If you view the subject sequence IDs in the resulting remote_results file and search for them within the Nucleotide database, you should find that the sequences match various fungal sequences closely. Further investigation of the sequences we found reveals that they code for highly conserved proteins, and we are likely getting matches to both a plant and the fungal homolog of the gene. This explains why we get matches for the endophyte sequence even in E− samples.

Export and search ideal components in the subset analysis

Now that we've looked at the results for the full analysis, we will see how our results differ for the subset analysis that included only E− samples. Run export_and_search again but provide it with the configuration file for the subset analysis and a different output directory.
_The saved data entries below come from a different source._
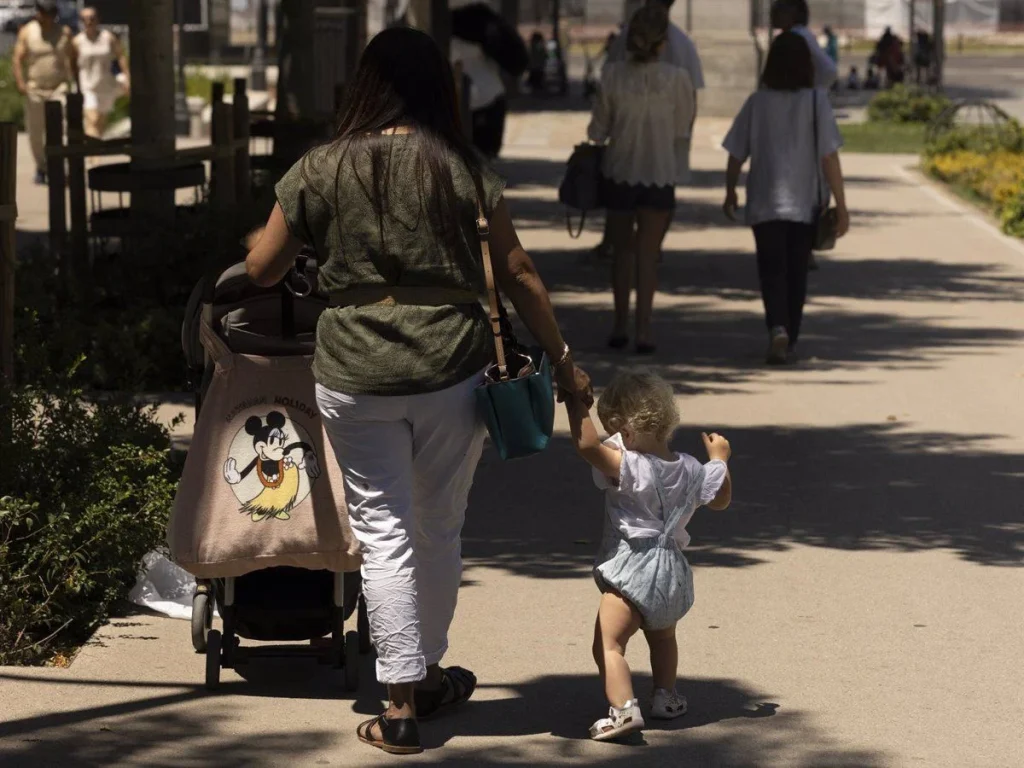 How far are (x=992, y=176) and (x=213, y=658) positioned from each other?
1746cm

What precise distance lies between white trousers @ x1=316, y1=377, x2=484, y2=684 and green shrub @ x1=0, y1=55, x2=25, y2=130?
23923mm

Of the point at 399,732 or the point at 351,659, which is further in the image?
the point at 351,659

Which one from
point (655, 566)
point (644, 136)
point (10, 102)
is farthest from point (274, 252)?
point (10, 102)

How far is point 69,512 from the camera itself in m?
6.64

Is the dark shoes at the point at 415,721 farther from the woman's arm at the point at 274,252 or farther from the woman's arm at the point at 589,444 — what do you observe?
the woman's arm at the point at 274,252

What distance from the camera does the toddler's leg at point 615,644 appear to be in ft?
17.4

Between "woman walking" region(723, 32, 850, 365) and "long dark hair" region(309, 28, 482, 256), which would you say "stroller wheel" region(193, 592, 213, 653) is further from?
"woman walking" region(723, 32, 850, 365)

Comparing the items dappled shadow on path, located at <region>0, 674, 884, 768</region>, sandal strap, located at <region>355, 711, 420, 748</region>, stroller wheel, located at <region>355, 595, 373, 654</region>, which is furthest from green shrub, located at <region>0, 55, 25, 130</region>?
sandal strap, located at <region>355, 711, 420, 748</region>

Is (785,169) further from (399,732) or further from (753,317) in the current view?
(399,732)

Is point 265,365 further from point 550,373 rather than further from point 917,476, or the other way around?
point 917,476

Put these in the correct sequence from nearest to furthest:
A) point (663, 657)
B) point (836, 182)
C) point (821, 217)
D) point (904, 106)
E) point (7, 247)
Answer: point (663, 657), point (7, 247), point (836, 182), point (821, 217), point (904, 106)

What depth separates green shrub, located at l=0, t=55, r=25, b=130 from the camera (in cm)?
2994

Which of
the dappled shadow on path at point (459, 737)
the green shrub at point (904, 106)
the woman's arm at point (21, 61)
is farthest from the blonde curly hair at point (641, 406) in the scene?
the green shrub at point (904, 106)

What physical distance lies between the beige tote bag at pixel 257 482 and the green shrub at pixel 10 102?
23428mm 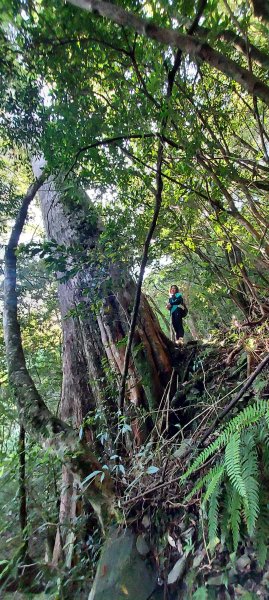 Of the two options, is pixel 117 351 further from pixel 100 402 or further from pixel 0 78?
pixel 0 78

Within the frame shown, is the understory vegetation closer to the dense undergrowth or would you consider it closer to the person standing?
the dense undergrowth

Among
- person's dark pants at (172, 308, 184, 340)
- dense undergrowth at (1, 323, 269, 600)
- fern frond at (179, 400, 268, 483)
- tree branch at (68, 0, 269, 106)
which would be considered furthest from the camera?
person's dark pants at (172, 308, 184, 340)

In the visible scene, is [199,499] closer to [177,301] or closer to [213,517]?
[213,517]

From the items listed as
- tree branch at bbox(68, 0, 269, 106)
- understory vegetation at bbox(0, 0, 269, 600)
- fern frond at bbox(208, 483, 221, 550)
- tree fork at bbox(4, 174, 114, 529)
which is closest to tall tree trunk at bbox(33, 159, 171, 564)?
understory vegetation at bbox(0, 0, 269, 600)

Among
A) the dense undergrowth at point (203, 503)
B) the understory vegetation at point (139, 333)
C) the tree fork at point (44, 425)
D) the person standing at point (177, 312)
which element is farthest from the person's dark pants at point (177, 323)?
the tree fork at point (44, 425)

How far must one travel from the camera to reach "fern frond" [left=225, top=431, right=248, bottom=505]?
5.70 feet

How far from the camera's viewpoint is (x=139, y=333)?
3.89 meters

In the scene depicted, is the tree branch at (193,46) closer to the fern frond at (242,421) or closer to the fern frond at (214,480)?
the fern frond at (242,421)

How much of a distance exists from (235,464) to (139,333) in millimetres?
2175

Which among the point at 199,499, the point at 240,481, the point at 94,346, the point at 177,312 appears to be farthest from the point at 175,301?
the point at 240,481

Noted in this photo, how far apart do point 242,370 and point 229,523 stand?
1.46m

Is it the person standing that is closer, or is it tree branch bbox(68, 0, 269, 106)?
tree branch bbox(68, 0, 269, 106)

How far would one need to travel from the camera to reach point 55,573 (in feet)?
8.50

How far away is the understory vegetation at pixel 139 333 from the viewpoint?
75.4 inches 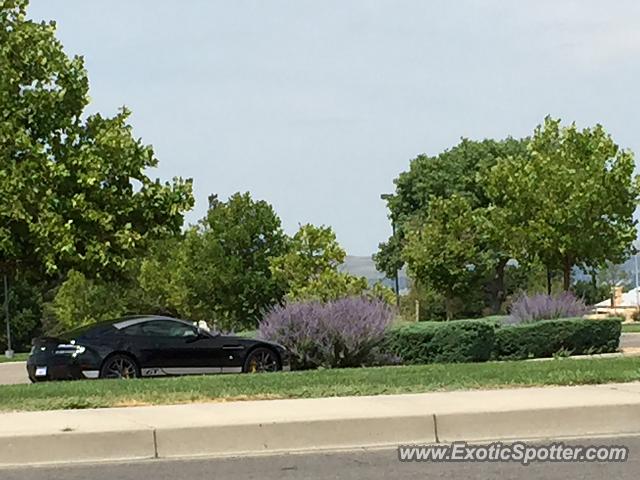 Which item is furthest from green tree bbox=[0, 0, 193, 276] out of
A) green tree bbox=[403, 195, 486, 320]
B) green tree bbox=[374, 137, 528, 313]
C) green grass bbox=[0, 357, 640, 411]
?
green tree bbox=[374, 137, 528, 313]

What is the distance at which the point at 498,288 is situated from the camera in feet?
205

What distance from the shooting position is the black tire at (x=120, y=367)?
701 inches

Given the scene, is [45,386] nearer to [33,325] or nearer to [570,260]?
[570,260]

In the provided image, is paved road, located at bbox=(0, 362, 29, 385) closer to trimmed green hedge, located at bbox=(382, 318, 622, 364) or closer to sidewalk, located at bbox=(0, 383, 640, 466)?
trimmed green hedge, located at bbox=(382, 318, 622, 364)

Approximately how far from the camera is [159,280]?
52.0 m

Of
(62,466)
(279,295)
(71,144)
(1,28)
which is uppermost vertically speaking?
(1,28)

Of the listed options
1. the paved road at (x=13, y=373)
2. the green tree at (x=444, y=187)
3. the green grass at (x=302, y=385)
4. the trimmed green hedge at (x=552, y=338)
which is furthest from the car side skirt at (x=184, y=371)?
the green tree at (x=444, y=187)

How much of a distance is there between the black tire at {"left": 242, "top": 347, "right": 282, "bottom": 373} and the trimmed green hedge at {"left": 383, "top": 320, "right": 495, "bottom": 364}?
7.64ft

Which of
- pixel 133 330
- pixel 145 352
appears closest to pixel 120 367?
pixel 145 352

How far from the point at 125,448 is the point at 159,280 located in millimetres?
42753

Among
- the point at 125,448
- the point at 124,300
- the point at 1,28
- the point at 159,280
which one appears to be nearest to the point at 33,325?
the point at 124,300

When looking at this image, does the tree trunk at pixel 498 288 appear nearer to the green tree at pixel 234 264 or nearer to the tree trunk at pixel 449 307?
the tree trunk at pixel 449 307

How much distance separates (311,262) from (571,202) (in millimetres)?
9944

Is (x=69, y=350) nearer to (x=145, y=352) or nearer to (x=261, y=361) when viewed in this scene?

python -m rna_clique.export_and_search
          -C "$TUTORIAL_DIR"/infected_subset_out/config.yaml \
          -Q "$TUTORIAL_DIR"/ec_genomes/*.fasta \
          -X "$TUTORIAL_DIR"/subset_ec_search_out \
          -e 1e-99

Examining results for the subset analysis

The output export and search files should be located at $TUTORIAL_DIR/subset_ec_search_out/infected_subset_out. Check the stats files under search_e19_scaffolds-JAFEMN000000000 and search_e4305_Mas339_20200623_Ref_Scaffolds_CLS. You should see that the number of components in which matching transcripts have been found has increased dramatically compared to the results for the original set of samples, from around 15 to over 500 for both genomes. Although the subset only had around 120% as many ideal components as the original set, the subset has at least 3200% as many ideal components matching the endophyte genomes. This suggests that RNA-clique filters out some of the endophyte transcripts when the full analysis with E- samples is performed, but RNA-clique cannot filter such transcripts when all the samples are E+.